PROBLEM REQUIREMENTS. As the answer, give exactly the lines of the records below from the one with "Spring Loafer Business" through the one with "Chinese Spy Balloon", ends included and pictures left out.

SOURCE MATERIAL.
———

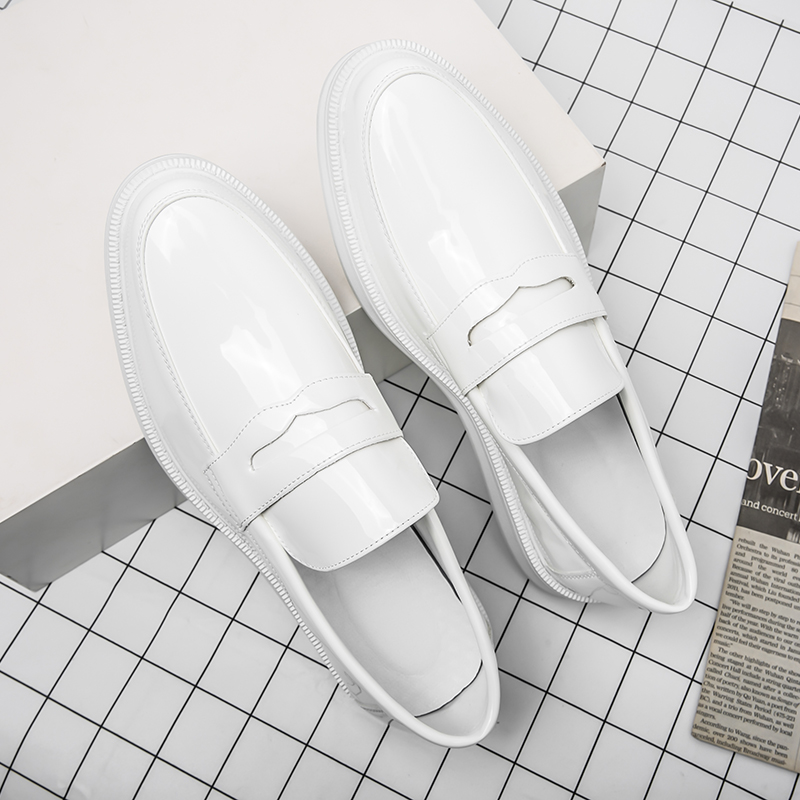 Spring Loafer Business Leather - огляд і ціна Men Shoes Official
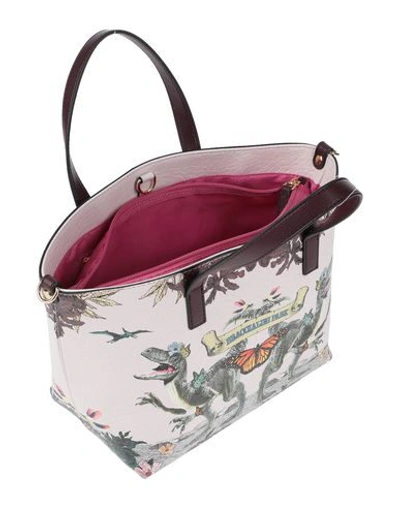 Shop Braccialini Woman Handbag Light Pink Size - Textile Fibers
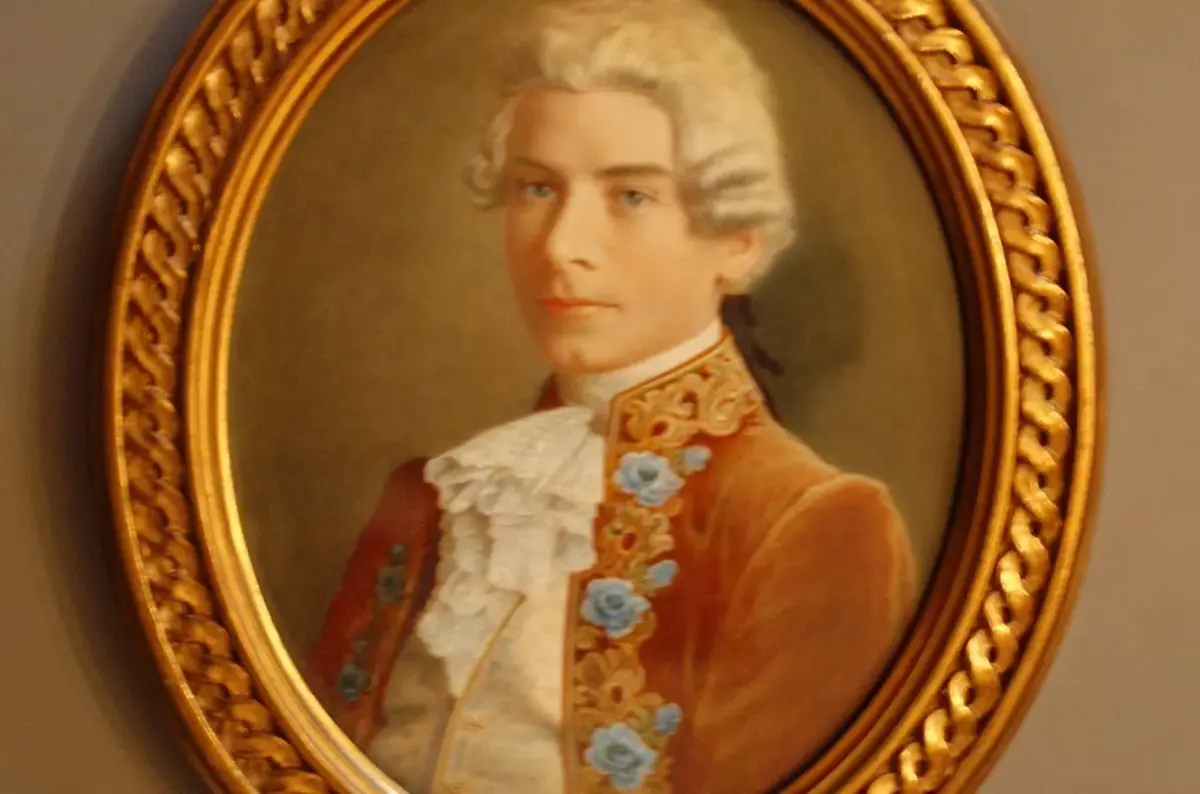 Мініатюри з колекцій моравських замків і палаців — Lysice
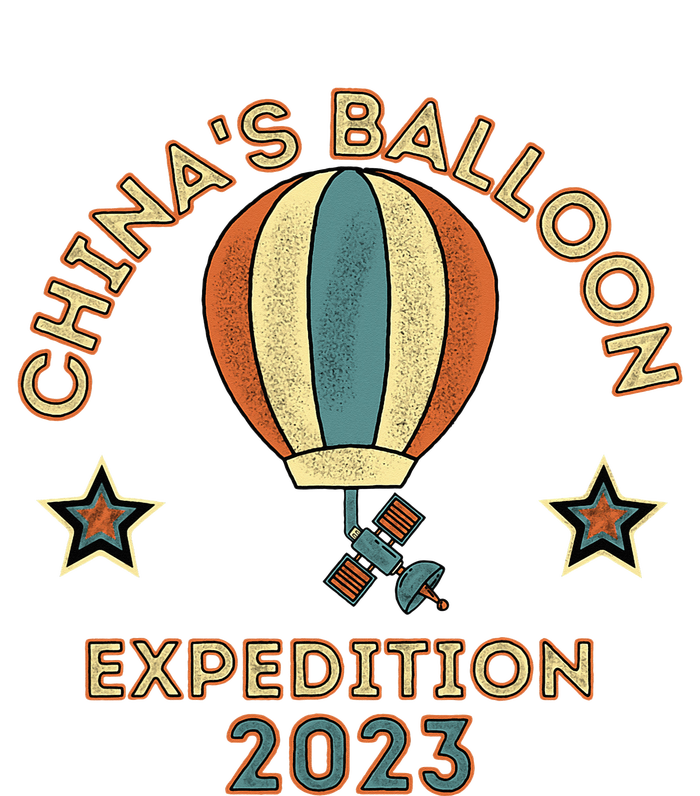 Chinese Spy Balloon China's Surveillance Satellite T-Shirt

———

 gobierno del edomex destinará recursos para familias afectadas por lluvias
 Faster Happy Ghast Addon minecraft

———

ANSWER SPACE.
 Spring Loafer Business Leather - огляд і ціна Men Shoes Official
 Shop Braccialini Woman Handbag Light Pink Size - Textile Fibers
 Мініатюри з колекцій моравських замків і палаців — Lysice
 Chinese Spy Balloon China's Surveillance Satellite T-Shirt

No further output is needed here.